The section provides for notice, in the discretion of the judge; and the maxim “ expressio unius est exclusio alterius,” applies. Any other notice is excluded. The section is also analogous to section 293, which provides that after the issuing of the execution, any person indebted to the judgment-debtor may pay to the sheriff the amount of his debt, and that without notice to the judgment-debtor.

The defendant insists, in addition to the objections considered, that the restraining clause of the order is unauthorized. I think not.

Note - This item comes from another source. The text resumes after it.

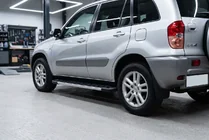Toyota Rav 4 2001–2005 Sivukynnykset RedLine V1 (2 kpl, alumiini) kuva 3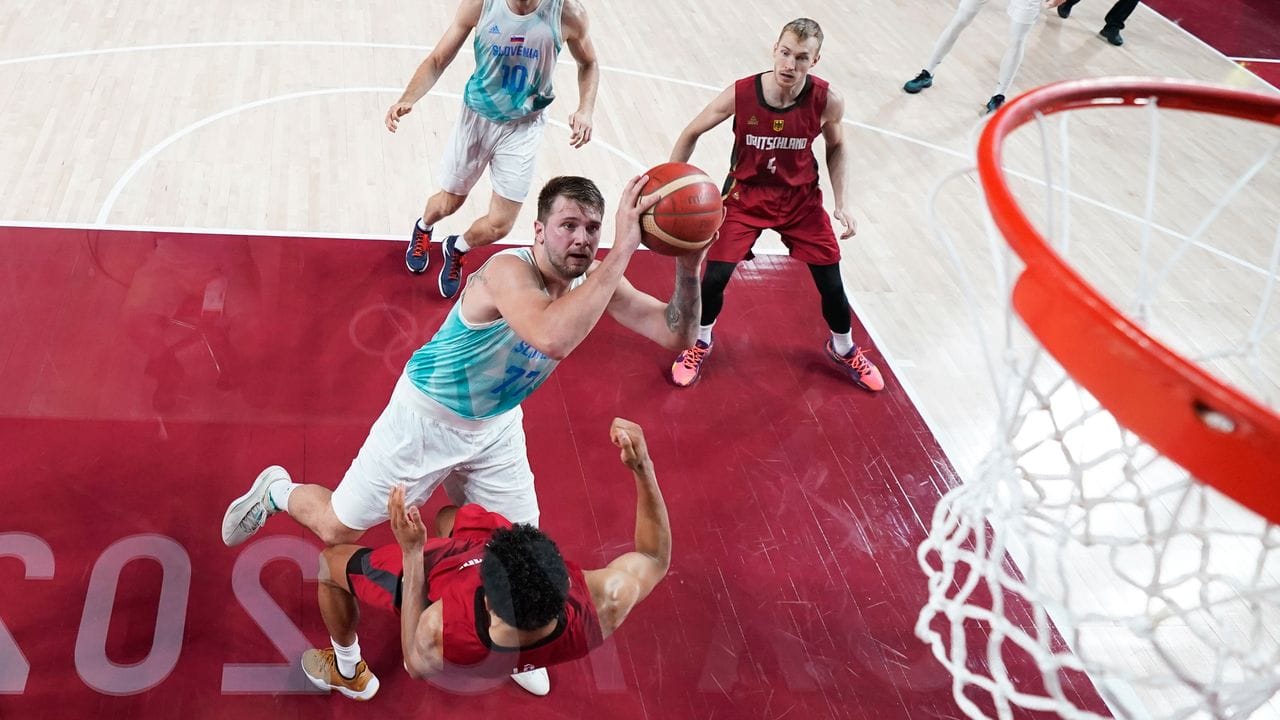Die deutschen Basketballer sind an Slowenien und NBA-Superstar Luka Doncic (M) gescheitert.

By section 297, the judge may order any property of the judgment-debtor in his hands exempt from execution, or due to the judgment-debtor, to be applied towards the satisfaction of the judgment; and if the order requiring the debtor of the judgment-debtor to appear, was not intended to prevent a payment of the debt to the judgment-debtor, then the judgment-debtor might collect and appropriate it at any time before his debtor *464was directed to pay it. Such was not the design of the Legislature in creating section 294. The legal operation of the order should be to suspend the right of payment; and there can be no impropriety in advising the person proceeded against, by inserting in the order a command not to dispose of the money due until the further order of the court. At all events, I think such a provision is in perfect harmony with the general character of the sections of the Code relating to supplementary proceedings, and fully authorized by them.

Order appealed from affirmed, with $10 costs.

Daly, F. J., and Hilton, J., concurred.